The U.S. first announced controls on the sales of advanced semiconductors to China in October 2022. Companies like Nvidia then developed chips that complied with the restrictions yet still offered the same advanced capabilities. The Biden administration updated its restrictions last October to close that loophole.

On Thursday, Kress admitted that the U.S. government has not granted a license to Nvidia to ship restricted products to China. Nvidia has started shipping alternative products to China that don’t require a license, she continued.

Huang said Nvidia has “immediately paused” and “reset” its product offerings in China, which he blamed for the drop in data center revenue from China. The company would do its best to succeed in the Chinese market “within the specifications of U.S. restrictions”, he said.

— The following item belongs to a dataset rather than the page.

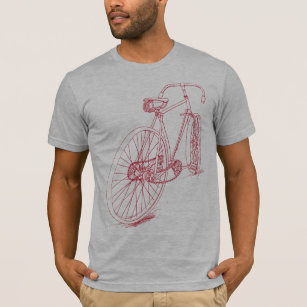 Retro Bicycle drawing design in red T-Shirt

Nvidia is again trying to develop chips for the Chinese market that comply with U.S. restrictions, but Chinese customers are reportedly turning to domestic alternatives instead. Chinese tech companies are less interested in buying Nvidia’s downgraded products, which are now closer in performance to cheaper Chinese options, the Wall Street Journal reports. Chinese chipmakers are pitching their own chips as a safer option due to the possibility of new controls from the U.S., Reuters reported in December.